# Mmmmmmmmm!!!!!!!!.........



## havanajohn (Apr 4, 2009)

I aint saying nothing...:biggrin:


----------



## dj1340 (Mar 30, 2009)

Those, are some nice pictures!!


----------



## havanajohn (Apr 4, 2009)

Thanks, Don.


----------



## zitro_joe (Oct 6, 2008)

havanajohn said:


> I aint saying nothing...:biggrin:


 come on...something.


----------



## havanajohn (Apr 4, 2009)

:heh:


----------



## Pitbull (Sep 29, 2005)

*R&J Short Churchhills????????? *


----------



## havanajohn (Apr 4, 2009)

Nope. This is the way they came-unbanded.


----------



## CajunMaduro (Dec 2, 2009)

Nice


----------



## SMOKE20 (Apr 26, 2008)

JOhnny O's


----------



## KINGLISH (Jul 27, 2009)

NICE!!


----------



## KINGLISH (Jul 27, 2009)

I will never tell!:thumb:


----------



## SmoknTaz (Jun 18, 2008)

They look very tasty John, enjoy. :smoke2:


----------



## havanajohn (Apr 4, 2009)

SMOKE20 said:


> JOhnny O's


 Bingo! They are called 'Closed Poker Run'.


----------



## SMOKE20 (Apr 26, 2008)

I know me a johhny O when I see one. HA HA I saw that he had some available and figured it. Good score


----------



## roughrider (Feb 25, 2008)

Whatever they are, they look great.


----------



## ssutton219 (Apr 17, 2007)

Nice call on the Johnny-Os



I have been so broke I stopped looking at all the places I get smokes and its killing me!!

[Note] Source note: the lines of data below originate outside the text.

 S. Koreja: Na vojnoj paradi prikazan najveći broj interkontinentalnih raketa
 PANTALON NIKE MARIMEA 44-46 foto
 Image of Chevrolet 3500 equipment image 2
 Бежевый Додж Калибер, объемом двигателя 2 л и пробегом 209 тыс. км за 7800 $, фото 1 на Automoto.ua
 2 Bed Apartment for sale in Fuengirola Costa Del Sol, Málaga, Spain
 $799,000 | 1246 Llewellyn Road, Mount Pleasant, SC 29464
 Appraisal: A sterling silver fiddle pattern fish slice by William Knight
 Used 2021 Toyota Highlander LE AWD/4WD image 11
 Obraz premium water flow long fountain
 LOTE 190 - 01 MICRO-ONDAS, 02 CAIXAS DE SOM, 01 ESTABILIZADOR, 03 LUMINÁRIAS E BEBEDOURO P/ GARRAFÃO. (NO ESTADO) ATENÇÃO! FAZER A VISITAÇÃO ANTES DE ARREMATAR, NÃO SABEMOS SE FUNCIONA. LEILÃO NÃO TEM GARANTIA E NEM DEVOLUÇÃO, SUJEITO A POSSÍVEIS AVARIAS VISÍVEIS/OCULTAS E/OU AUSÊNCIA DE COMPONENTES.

The looked like fresh rolls of something earlier...





Enjoy!!




Shawn


----------



## jessejava187 (Aug 25, 2009)

I love those Os, I have a few Diffrent sizes and 2 diff wrapers, damn they are good, Ive never had a whole bundles but Ive grab some fivers and such, Good Pull.


----------



## danmcmartin (Jul 25, 2009)

Look tasty!


----------